Hey guys! I'm setting up Proxmox on my Raspberry Pi 4B 4GB and it requires having an Ethernet connection instead of wireless. This presents an issue where my Pi is now in my LAN interface instead of my IOT one.
The IOT interface uses a different IP address and has stricter rules than the LAN one, and the LAN devices can actually communicate into the IOT interface. This allows for certain devices like smart TVs to be able to still function with my parent's smart phone as well as allow me to be able to access my other raspberry pis connected to the IOT interface via ssh. I've started trying to set it up by creating a new VLAN with the ID 10.
How do I configure OpenWrt to group the port that my pi is connected to inside the IOT device? My router is an Archer A7 V5 running OpenWrt 21.02.2 r16495-bf0c965af0.
Settings
Firewall Rules
config zone
option name 'GuestZone'
option output 'ACCEPT'
option forward 'DROP'
option input 'DROP'
list network 'GUEST'
config zone
option name 'IOTZone'
option output 'ACCEPT'
option forward 'DROP'
option input 'DROP'
list network 'IOT'
option masq '1'
list device 'eth0.10'
config forwarding
option src 'GuestZone'
option dest 'wan'
config forwarding
option src 'IOTZone'
option dest 'wan'
config rule
option name 'Guest DHCP and DNS'
option src 'GuestZone'
option dest_port '53 67 68'
option target 'ACCEPT'
config rule
option name 'IOT DHCP and DNS'
option src 'IOTZone'
option dest_port '53 67 68'
option target 'ACCEPT'
config forwarding
option src 'lan'
option dest 'IOTZone'
Some of the configurations have sensitive data (like port forwards and network interface passwords) which was why I didn't share the full configurations. How do I make sure that the configurations don't contain sensitive information?
I have made a guess that logical port 5 corresponds to physical port 4 (as labeled on the case), but that could be wrong. If so, it will likely be logical port 2 in the switch configuration. In that case...
put logical port 5 back into the VLAN 1 definition
Part of the process is figuring out the mapping between the physical port labels, the ones in LuCI, and then the logical assignments in the config files. Once you know how those correlate, you can pretty easily set the VLAN appropriately.

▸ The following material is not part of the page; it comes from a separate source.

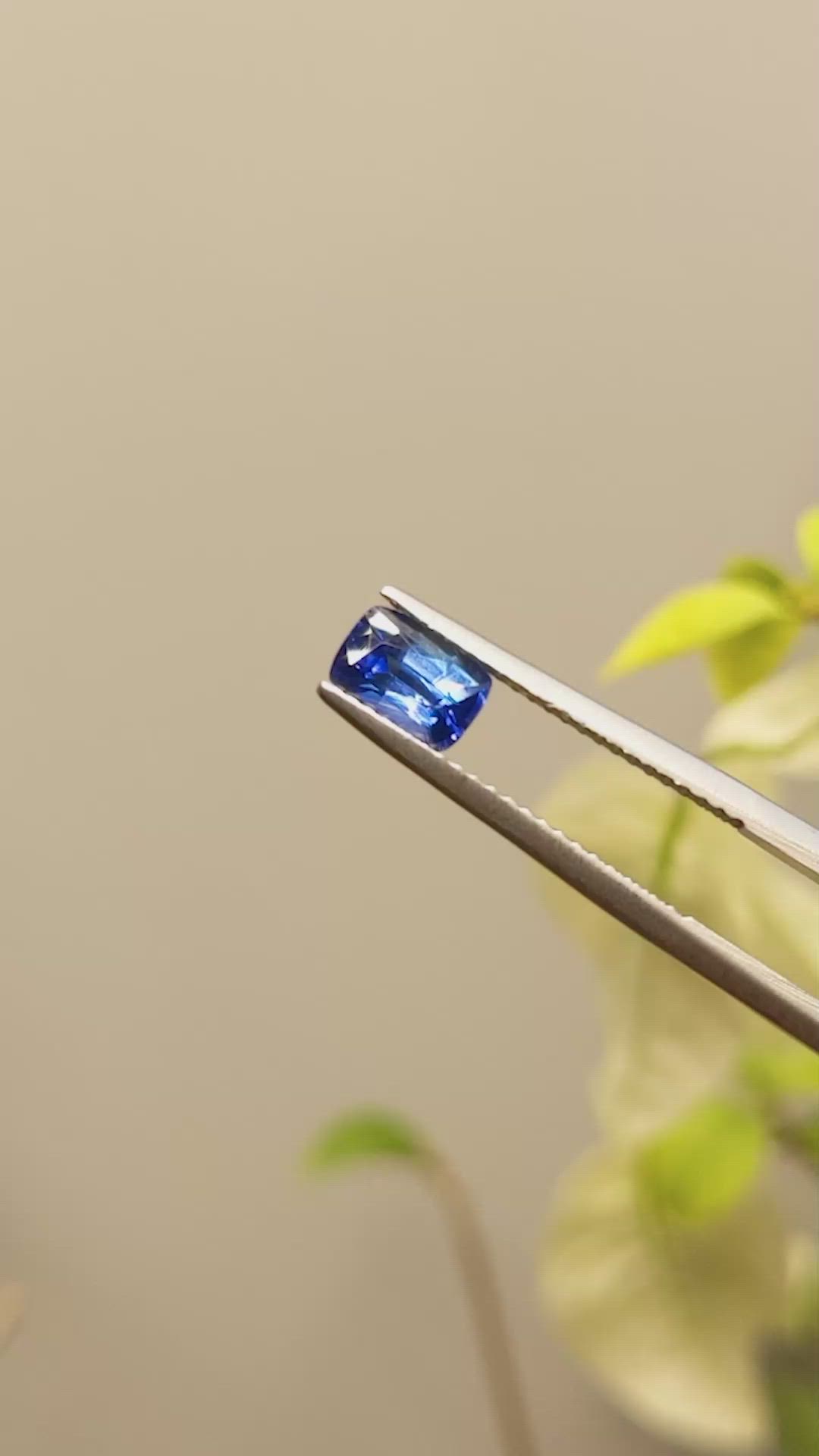1.09 Ct. Blue Sapphire from Ceylon (Sri Lanka) Size Video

Otherwise, you should be good to go if you follow my directions above.
I followed the instructions but now my computer can no longer find the pi; can't connect nor ping to it at all. What do I do now?
--Edit--
Moved the pi to the 4th port on my router, and I try pinging to it, I get this error on the console:
From ThinkNova icmp_seq=5 Destination unreachable: Address unreachable
And Openwrt's System logs says Sun May 22 21:10:45 2022 daemon.warn dnsmasq-dhcp[31385]: DHCP packet received on wlan1-iot which has no address, while before switching (having it in port 1), it didn't display anything at all other than all packets were lost
OH I see what happened! So I found out that I can actually ping to the device if I'm connected to the IOT wireless network, but can't ping if I'm in the LAN wireless network. Another thing I just realized is that I was pinging to the device using the device's hostname, which works fine if I ping while connected to the IOT network, but doesn't if I'm not (however I can ping to the device if I use the device's ip address if Im connected either to the IOT network or the LAN network). Any idea why I can't ping using the device's hostname when outside of the IOT network?
Yeah, the laptop is on the lan network, which is the 192.168.1.0/24 network! And yea, the address 192.168.4.191 is the pi's current ip address (however I plan on setting the static ip address as 192.168.4.120). The scenario where I couldn't ping to the pi with its hostname was when the laptop was connected to the lan network (I get that address unreachable error); however I can ping to the pi with its ip address when the laptop is on the lan network.